Everyone I've talked to and everything I read says to make sure that you delegate on the day-of so you aren't running around trying to get everything set-up and taken down your self. But how do you do this? Do I politely ask people for these favors or wait for someone to offer? Is it appropriate for me to ask the wedding party members to each take a small job?

Also, what all did you delegate and what jobs are too big to ask of one person? Maybe I'm over thinking this but I have DIY centerpieces & ceremony decor to be set up and taken down on top of gifts to take home, cake to take home, tips to be given and whatever else I'm not thinking of that needs done...

Re: Delegating...

  • In Response to Delegating...:
    [QUOTE]I'm not sure if this is the best place to post this but you ladies always have great and honest answers. Everyone I've talked to and everything I read says to make sure that you delegate on the day-of so you aren't running around trying to get everything set-up and taken down your self. But how do you do this? Do I politely ask people for these favors or wait for someone to offer? Is it appropriate for me to ask the wedding party members to each take a small job? Also, what all did you delegate and what jobs are too big to ask of one person? Maybe I'm over thinking this but I have DIY centerpieces & ceremony decor to be set up and taken down on top of gifts to take home, cake to take home, tips to be given and whatever else I'm not thinking of that needs done...
    Posted by lindanp[/QUOTE]

    You don't delegate to anyone.  You don't give your wedding party "jobs".  You hire a day of coordinator. 
  • Weezy56Weezy56 member
    100 Love Its 100 Comments First Anniversary Name Dropper
    You should not delegate tasks to anyone. If anyone offers to help it is okay to accept, but you should not ask anyone to help. If there are things that need to be done that you or your fianc can't do or don't want to do, then you should hire a day of coordinator.
  • I really appreciate your reponses and your honesty because I really am (was) lost on this one. I don't want to be rude and I have not asked anyone for help. I've had one friend and my mom offer but just told them I appreciate the offer and will know more of what they can help with as the day draws near. And it's is definitely drawing near!

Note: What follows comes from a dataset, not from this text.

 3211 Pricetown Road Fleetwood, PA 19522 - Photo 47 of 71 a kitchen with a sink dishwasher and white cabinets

    I also don't want anyone to reget offering to help us out. What would be considered too big a job to give someone? I understand that DIY things are my responsibility and all the set-up I can do. It's end of the night stuff that worries me, like taking things home. Also, somewhere I read that it's customary for the best man to hand out tips. Is that a bunch of crap? And Fi was planning to ask the BM to hold the rings. Is that something we should wait for him to offer?

    Thanks again!

  • we brought all of our stuff to the venue a day or two before and they set it uip for us.  centerpieces we let people take home, and the only thing that we had to remove was the card box which we took ourselves, along with the few box gifts we got (most should send gifts to you ahead of time, rather than bringing them).  its fine IMO to ask someone to help you carry stuff out in terms of your gifts, but no one should be asked to clean up.  sometimes the venue will actually offer to bring the stuff to your car for you, it all depends on the location.

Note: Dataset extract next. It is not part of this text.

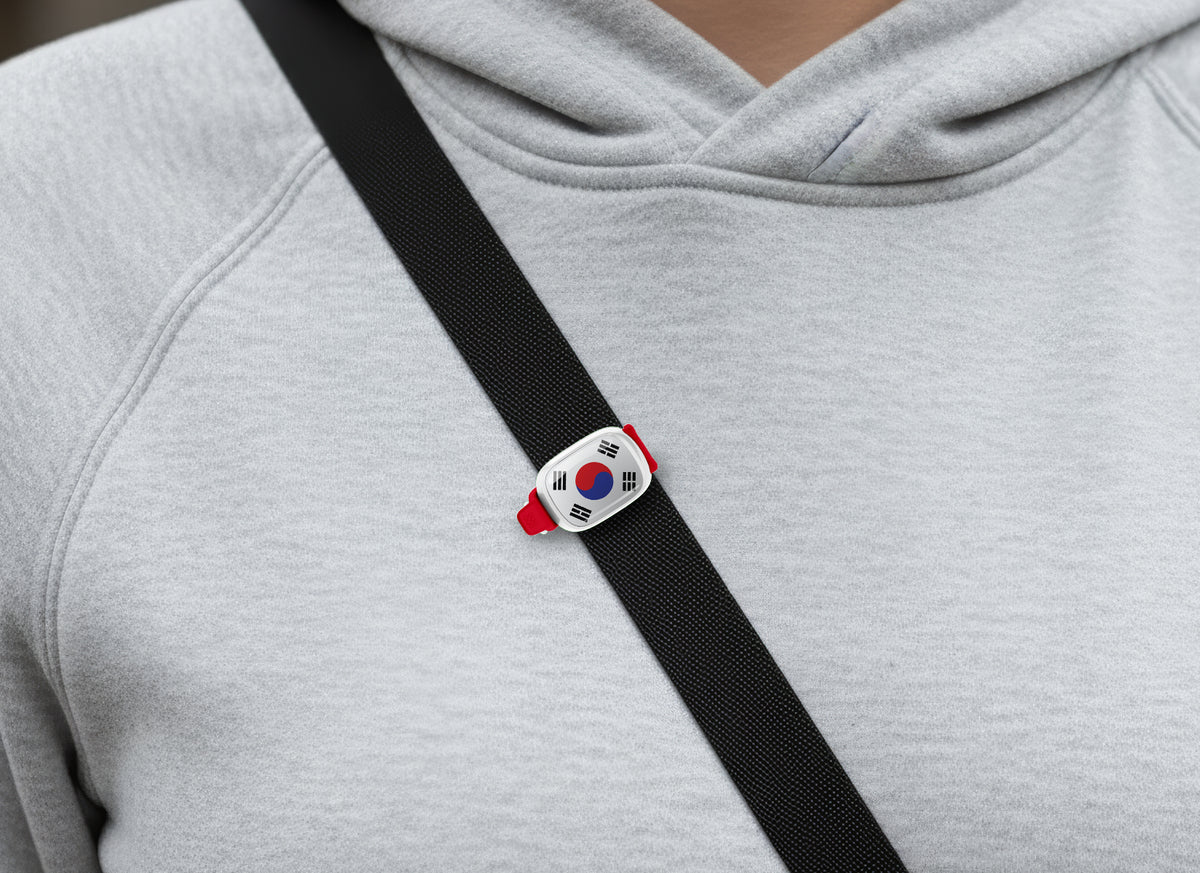 South Korea flag Stwrap bag tag shown on a bag in a lifestyle setting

    we didnt decorate our venue - if you are doing this, and the location requires you to remove it, id hire someone.  you cant ask peopel to clean up that are your guests.

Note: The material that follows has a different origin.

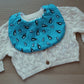 Baby bib in blue with penguins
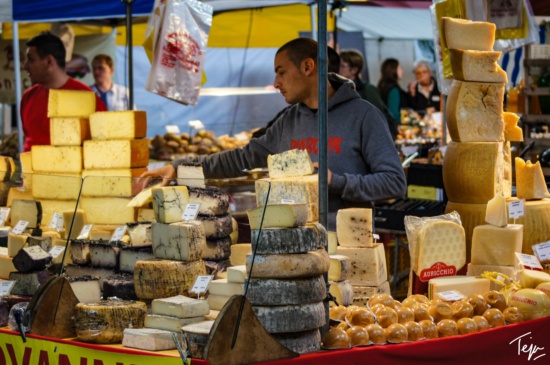 a man selling cheese at a market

    its fine to ask the BM to hold the rings - your officiant will probably make sure he has them anyway as that is what is usually done.

  • I'm delegating my MOH (sister) to retrieve my champagne flutes and make sure that they get to either her house or mine after the reception. I'm not sure I'll remember. I think you can ask your MOH or mom to make sure an envelope gets to the caterer for tips or whatever the day of. As for everything else, you don't delegate. I have super DIY centerpieces too and don't expect my BP to help me make them. Sure, I bribed them into helping with pizza and wine and cookies, but not all of them wanted to help so not all of them came over to help. If they offer to help you can take it gratefully. If they don't want to help and don't offer, you pay someone to set up and take down decorations or do it yourself.

    ** I should mention my BP offered to help with my centerpieces before. I didn't out-of-the-blue bribe them into helping. They were happy to get paid in booze though :-D
  • Ditto PP.

    FWIW, our best man handed out the tips.  We had all tips placed into envelopes a few days before the wedding.  He took them on the morning of the wedding and handed them out to the name/job description written on the envelope.

    Also, whay type of venue do you have?  Will your caterer be setting the tables for you?  Can't you just drop off the centerpieces the day before, so the caterer can set it up for you.  Also, our venue packed up our cake for us.  And my parents helped take home the extra stuff our venue packed up for us to take with us, but they volunteered to help with that.

    And the only thing I "delegated" was when I asked my dad to pick up the lunch for us girls and drop it off at the house where I was getting ready.  But I asked him weeks before, when I ordered the food, if it was ok with him.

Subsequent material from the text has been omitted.